Il faut la force et le labeur du Crucifié Ressuscité pour relever ce défi.  Nous sommes, nous, ministres ordonnés, le signe donné à la communauté qu’il est présent et agissant, le Seigneur qui réconcilie et qui envoie les siens se pardonner mutuellement et progressivement. Nous en avons entendu ensemble la promesse dans l’évangile proclamé : « Quand deux ou trois sont réunis en mon nom, dit le Seigneur, je suis là au milieu d’eux. » De cette présence, les ministres ordonnés, évêques, prêtres et diacres, sont les garants au bénéfice de tous. Ils ne rendent pas présent un absent, mais le Seigneur ressuscité qui, inlassablement, convoque et rassemble les siens, et les fortifie pour qu’ils surmontent leurs divisions, afin qu’ainsi, ils deviennent pour les autres humains, des signes et des promesses d’une unité plus grande encore, une unité obtenue non par la contrainte ou la force mais par la parole et le pardon, non par l’amnésie du mal commis mais par le choix fait librement de donner plus encore pour que l’unité puisse prendre chair davantage.

Alors, frères et sœurs, permettez-moi de vous le dire. Notre projet pastoral est né bien sûr de la pauvreté où nous sommes : petit nombre des prêtres, petit nombre des fidèles aussi, si l’on compare à d’autres époques. Tel est le temps que nous avons à vivre. Mais cette situation n’est pas qu’une fatalité et une calamité. Nous voulons nous aider mutuellement à la vivre comme un appel du Seigneur. Nous avons encore et toujours à nous aimer les uns les autres. Nous avons encore et toujours à nous aimer non pas à la mesure de nos sympathies mutuelles, non pas parce que nous partageons le même métier ou le même type de vie, mais avant tout parce que nous sommes donnés les uns aux autres comme des frères et des sœurs. Nous sommes donnés par notre unique Seigneur.

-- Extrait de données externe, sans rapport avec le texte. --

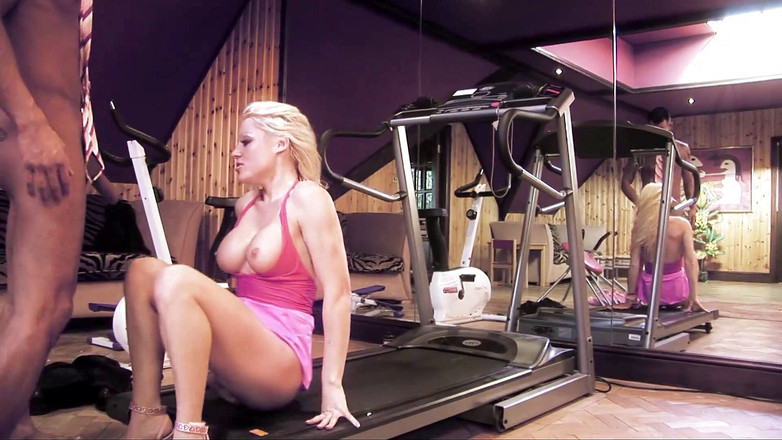 Leon Lambert Girls Twerk Parties CFNM: Memek sempit cewek nakal rambut pirang menggoda pebisnis asia sampai...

Dans nos pauvretés, nous avons à vivre plus que jamais la fraternité, à nous recevoir comme des frères et des sœurs.

C’est pour cela qu’une Équipe pastorale vous est donnée, qui veut elle-même apprendre à vivre en fraternité : je rends grâce à Dieu pour les PP. Cyril Goglin et Baptiste Bienvenu, et à Karine Landrin, Sixte-Anne de la Laurencie, Claire Ponsinet et Yves Myon qui ont accepté la mission de constituer avec eux l’Équipe pastorale et je rends grâce encore pour le P. Hervé Dossou que vous connaissez bien, pour le P. Gérard Yehoumé, qui vient d’arriver du Bénin et qui a accepté d’être envoyé ici pour aider l’Équipe pastorale le plus possible et y prendre place le moment venu, pour les PP., Christian Mairy et Guy Renard, qui, à des titres divers, à des degrés divers, contribuent aussi à la mission de l’Équipe pastorale. L’Équipe pastorale est envoyée pour vous appeler à vivre la fraternité du Seigneur et pour veiller à vous en procurer les moyens qui sont ceux du Seigneur Jésus, celui qui donne sa vie pour nous. Les membres de l’Équipe pastorale sont appelés à vivre eux-mêmes en une certaine fraternité, afin de vous servir au mieux. Recevons du Christ, notre Seigneur, livré en son Eucharistie, la force et la joie de nous recevoir les uns les autres comme des frères et des sœurs et de faire briller la fraternité comme une espérance pour l’humanité,

                                                                                                                       Amen.